The Santiago proffer aims to demonstrate a conspiracy and looks to a judge to allow prosecutors to admit statements from other parties against a defendant.

A series of undercover recordings made by a tow operator cooperating with the FBI documented conversations with John Cortina, of Kustom Auto Body in Portage and the mayor’s co-defendant in the case; Snyder; and other officials.

Bennett said the recordings do not show that Snyder had any knowledge of a reported scheme to get towing business in Portage and it cannot be established that he was a party to any conspiracy.

In November, Assistant U.S. Attorney Philip Benson filed a document that relied on undercover recordings to show proof of an alleged conspiracy between the mayor and tow operators to solicit bribes in exchange for a spot on Portage’s tow list.

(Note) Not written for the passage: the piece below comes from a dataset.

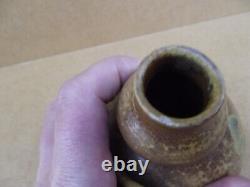 Ancien vase en grés émaillé céramique Eugéne LION (1867/1945) art nouveau signé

“The government’s evidence will establish that defendants Snyder and Cortina engaged in, or aided and abetted in, a conspiracy or joint venture, to commit bribery through the payment and receipt of funds disguised as campaign contributions to further the personal and political interests of the defendants,” Benson said, in court documents.

Benson said that in 2016, a confidential source, who operated a tow company, recorded conversations with Cortina where he was told to reportedly pay Snyder to get on the city’s towing list. Benson said that the source and Cortina allegedly each gave Snyder $6,000, in check form, to the Portage mayor’s campaign fund and “roundtable” committee, according to court documents.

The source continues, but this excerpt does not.